There’s a big problem with the San Jose/Santa Clara Water Pollution Control Plant. It stinks.

When it was built, in 1956, it may have been state of the art. But times have changed since then, and so has the Bay Area population that the plant serves. There are also more advances in techniques than simply removing solid waste from waste water and letting it dry in the sun in outdoor lagoons. The slightest breeze sends the scent wafting across the neighborhood. In our home bathrooms, we have air freshener and Febreze. At the Water Pollution Control Plant, it’s just Mother Nature.

The plant claims that it processes 110 million gallons of wastewater every day. While that number seems a bit high—it comes to 1 million gallons for every man woman and child in San Jose—there are days when it certainly smells like that number is accurate.

Fixing the process now could cost as much as a quarter of a billion dollars. This April, City Council will vote on a larger, $1 billion master plan to renovate the entire complex—over the course of 30 years. That isn’t soon enough for local residents and businesses. Property values—and resultant property taxes—have dropped, and people are unable to even sell their properties.

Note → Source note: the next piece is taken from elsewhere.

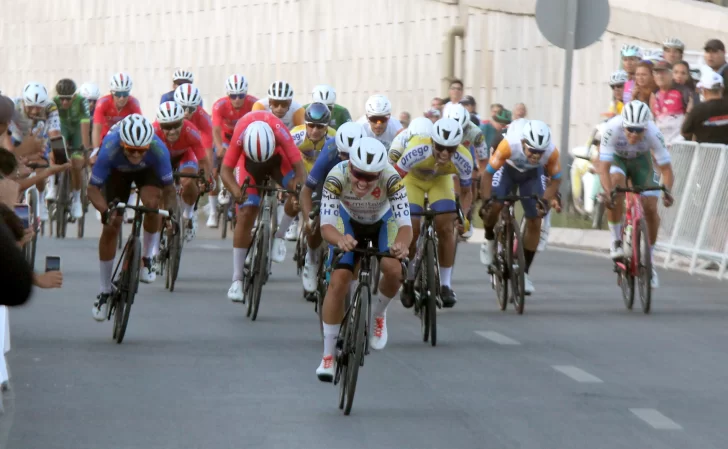 “Pensé en tirar la toalla”: Felipe Pizarro y la emoción tras ganar la primera etapa del Giro del Sol “Pensé en tirar la toalla”: Felipe Pizarro y la emoción tras ganar la primera etapa del Giro del Sol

Locals have long advocated that the city work more quickly to freshen their air. They are not getting much sympathy, In December, Mayor Chuck Reed, along with Vice Mayor Madison Nguyen and Councilmember Kansen Chu, recognized that there was a problem, but wrote a memo suggesting that “staff should determine if the plant is the source of the odors.”  Still, the residents and the lobbyists they have hired, think this is a step in the right direction. In 2008, officials didn’t even recognize the odor as a problem.

Now that the city recognizes the problem, the question is: what they are willing—and able—to pay to fix it?